The CEO wants to let employees know that getting the COVID-19 vaccine is encouraged but not required. An employee is asking about plans for returning to the office. A manager in an overseas office needs approval to disseminate an email informing staff that pay cuts will be restored at the beginning of the year.
All of these tasks have one thing in common—they are the responsibility of internal communications. Once an afterthought of an organization’s communications function, internal communications has become on par with, if not usurped, external communications in importance amid the pandemic, remote work, sustainability, Black Lives Matter, and purpose movements. In a recent survey of Fortune 500 chief communications officers conducted by Korn Ferry, CCOs ranked strategic employee communications as the most impactful part of their jobs in this tumultuous and challenging year.
Richard Marshall, global managing director of Korn Ferry’s Corporate Affairs Center of Expertise, says employees are increasingly seeking—and in some cases demanding—answers and transparency from C-suite leaders around the organization’s stance on a host of issues, among them diversity and equity, remote work, post-COVID planning, and safety and health. “Because of these big systemic issues organizations are facing, internal communications is now front and center of everything,” Marshall says.

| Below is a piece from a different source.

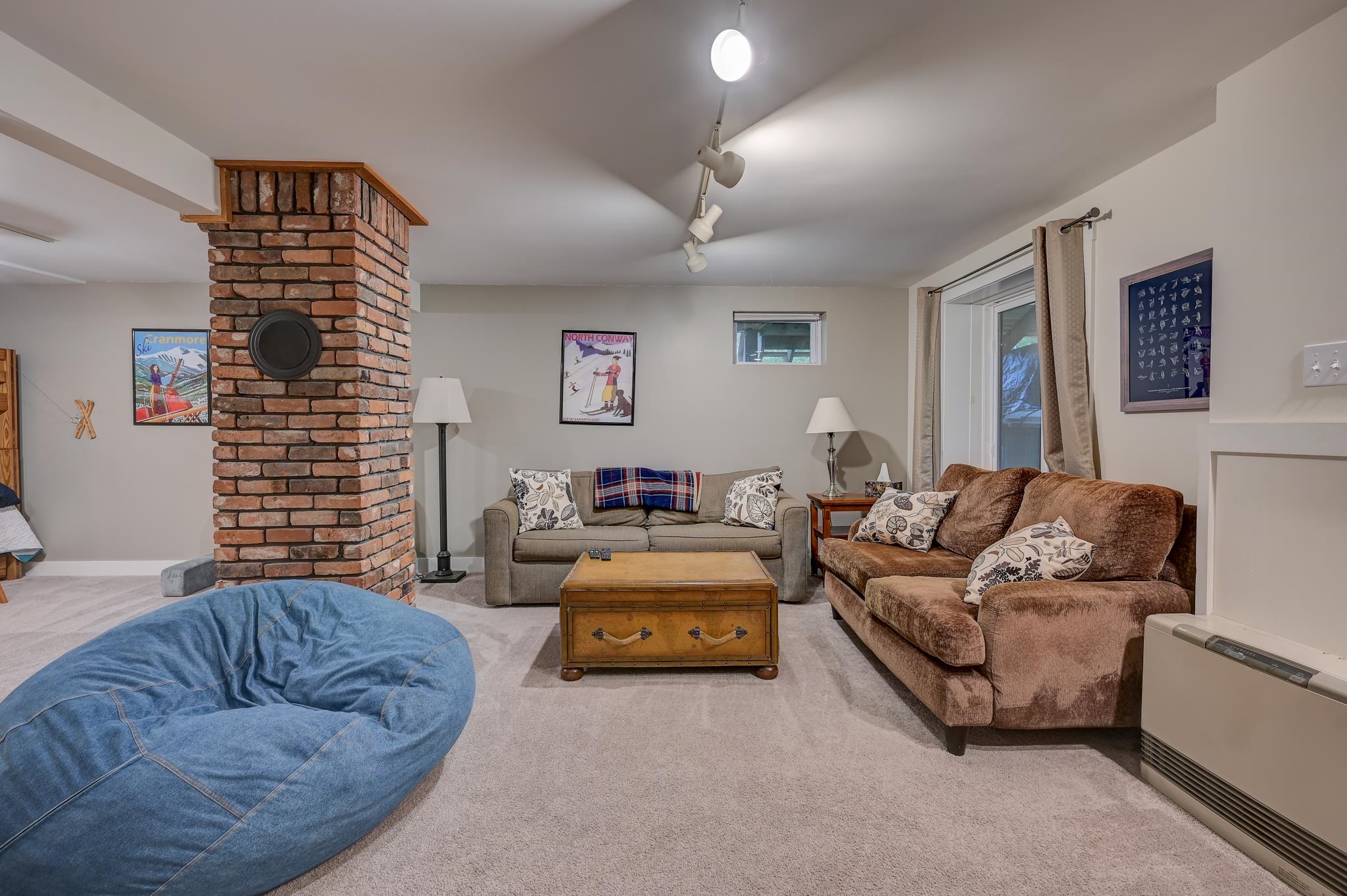 Living room with a brick chimney, two sofas, and a blue beanbag chair.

Internal communications has increased in importance over the past few years for a number of reasons. Historically, it consisted of disseminating information about benefits and messages from the CEO. The communications function’s main priority was in media relations, elevating the company’s profile and reputation, financial communications, and crisis management.
But that started changing about a decade ago, as organizations began focusing on digital transformation, relying on internal communications to craft messaging strategies for employees around changes in areas like culture, engagement, and performance, says Peter McDermott, a senior client partner in Korn Ferry’s Corporate Affairs Center of Expertise. He says that’s where the line between internal and external communications started to merge. “Through digital transformation, C-suite leaders realized the importance of aligning internal and external communications, which ultimately leads to a positive commercial impact,” McDermott says.
But communications leaders who responded to the Korn Ferry survey say one of the biggest challenges they face is getting messages out to an increasingly dispersed, remote workforce. Sending a company-wide email and putting a poster up in the cafeteria is no longer enough. Moreover, town halls with the CEO, a popular way to speak to the entire workforce at once, aren’t possible in-person during the pandemic and are unwieldy over videoconference. In fact, according to the survey, CCOs ranked creating timely and engaging content to reach all employees, “especially those without email,” as a major area where improvement is needed.
Put another way, it isn’t just about communications anymore. It’s about telling compelling stories across text, video, and social media that both inform and engage employees at a time when they can’t gather together. Ann Vogl, a principal in Korn Ferry’s Corporate Affairs and Marketing practices, says creative and strategic internal communications will only grow more prominent as social issues and external forces like those experienced this year increase the need for connection between employees and leadership. “Employees are counting on companies for purpose and safety, and leaders need to communicate that they care about them if they want to deliver results,” Vogl says.